Big Brother is a tired, tired film with all the trappings of a late-'90s Sunny Deol action flick, but without any originality or coherence to hinge on. Nothing, absolutely nothing makes sense in the first half for about an hour. There are 'comedy' tracks that lead nowhere. There are shopping scenes that have no point, songs that come out of the blue, and then there's Farida Jalal as the godmother of vengeance.
I can't begin to count out all the things in the film that are so bizarre, you'd be shaking your heads in disbelief. And this is just the first half we're talking about. The second half is plain old vengeance and shouting and muscled jingoism. "Oyeeeeeeeee!", goes Sunny Paaji, and the baddies must tremble. Tremble they do, too, so much so that rapists jump off a high-rise just cause they're afraid he'd throw them!!!
There's a bad guy beat-down an hour into the film, and it is so gleefully shot with over-the-top abandon, I was actually encouraged. I imagined what follows must be some kind of a deliberately ridiculous film like Kung-Fu Hustle and immense dollops of outrageous fun. That scene set me up for some terrible disappointments, though. The film is entirely dour and devoid of fun.

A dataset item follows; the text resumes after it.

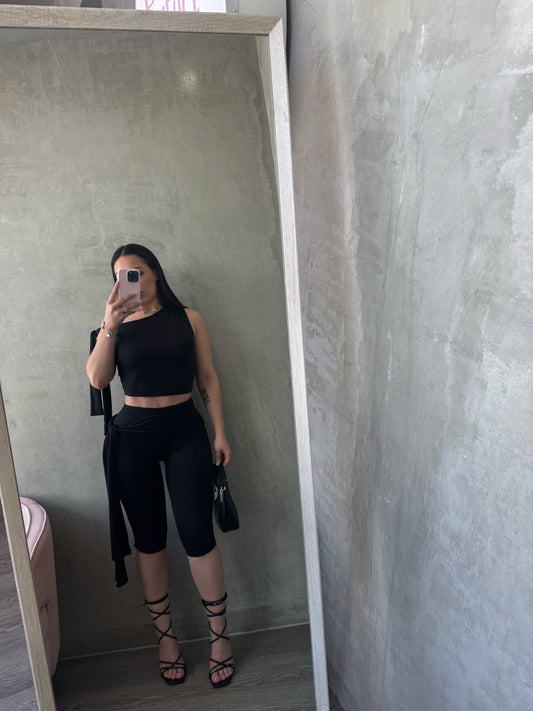 Black Asymmetrical Top & Capri Set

What made any of the Sunny films work in the '90s was a sense of fun - a feeling of guilty pleasure filmmaking that expected the audience to have as good a time as the makers had making the damn film. None of that is visible in the tired eyes of Sunny Deol, or the more-than-usual exhausted stylings of Guddu Dhanoa.
The film moves on a pace entirely too sluggish for a film of this genre, and I swear, it looks like it has been cut and pasted together with duct tape. This is a movie entirely out of sync with the time or audience it is made for, and frankly, it rankles.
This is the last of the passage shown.